Thursday, June 25, 2009

Sleep, or the lackthereof

Every night I say I'm going to get a good nights sleep.

Every night I end up wasting my time doing something far less rewarding.

Like updating a blog.

Sunday, June 21, 2009

Everything.

I have a lot of thoughts going 'round in my head, that for no reason of consequence I'd like to get down on virtual paper.

Sometimes, I'll look in the mirror and say "Who are you?" until, like a Magic Eye poster, my view shifts and I see myself from an outside view. Completely apart from my own conscious, as if I'm a third party to my own head. And it is terrifying and strange to think of myself not as the center of my own universe, but one person like any other, living life and making choices that shape it. It's the moment that I realize what makes us so special is that we really do think mostly about ourselves simply because that is who we spend the most time with. It's odd to think about it as spending time with yourself, but it's true. I have conversations in my head all the time. More often than not it's just called 'thinking'.

I don't know where it started, this desire to make people happy. Or how I can be so good and so incredibly awful at it. Or why I think that people wont be just as happy with me if I don't alter myself to how I think they'd like to see me. Speaking with a friend yesterday, I said it was akin to controlling a soundboard. I never pretend to be someone I'm not, but I do mute parts of myself while turning up others, depending on who I'm with. All to create the perfect compliment for my company. That's why it's hard for me to be around many people at once. I don't do well dividing my attention between people. It's hard to be a happy medium for me.
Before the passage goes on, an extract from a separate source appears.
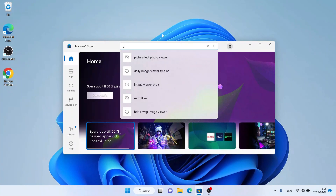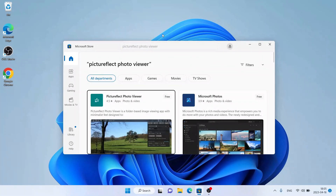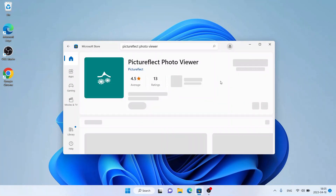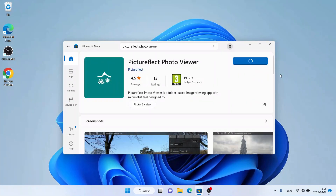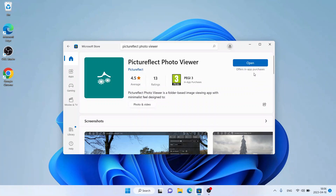Then search for Picture-Flect Photo Viewer. As you can see, this is Picture-Flect Photo Viewer — open it and click Get. It's downloading. Downloading finished, installation complete — click Open.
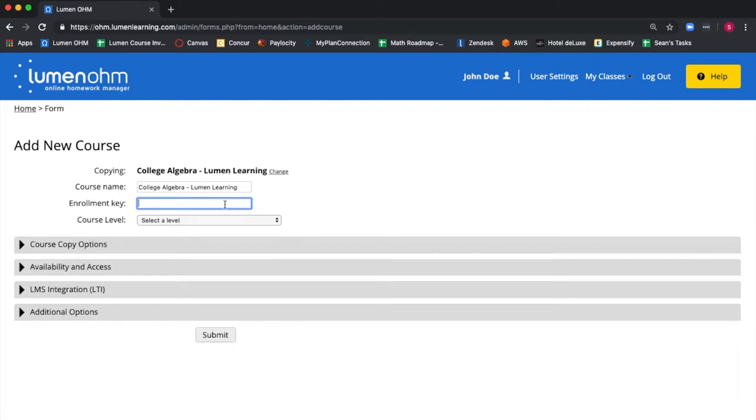If you're using OHM integrated into your learning management system, you don't really need an enrollment key because the LMS automatically uses your course roster to grant access to your OHM course.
I know that some may say that that is what having a wide variety of friends is for, so that you have someone for all the different parts of yourself. Someone to go hiking with, to play boardgames, to get excited about chick flicks, to pretend to be homeless with :) I guess that I'm always going to be on a search for someone that I can be around with everything at full volume, if you will. Maybe it doesn't exist, and that it's asking for too much. In fact, i know it is. Most things in life are a compromise. I don't believe that that is going to stop me from wanting that companion.

The reason I feel I'm dreadful at pleasing people is because I can't keep it up. It becomes something that I need to run away from. I want so much to make other people feel good, even at my own expense, that I continue to do so until I can't take it anymore. At which case, i stop being the person that makes them happy and everything they thought they had is suddenly gone. And with all the happiness, a power is created to make them feel like shit. What I need to do is to not go beyond my own means in being someone for someone else. Find the line between selfless and selfish.

I read an article that said the cure for all of the things that you need to do but have put off is to just do them, because once you do you feel really accomplished. And it's true. But its the getting that inertia that is the hardest part for me. Continually.

I had so many more thoughts, but I got distracted.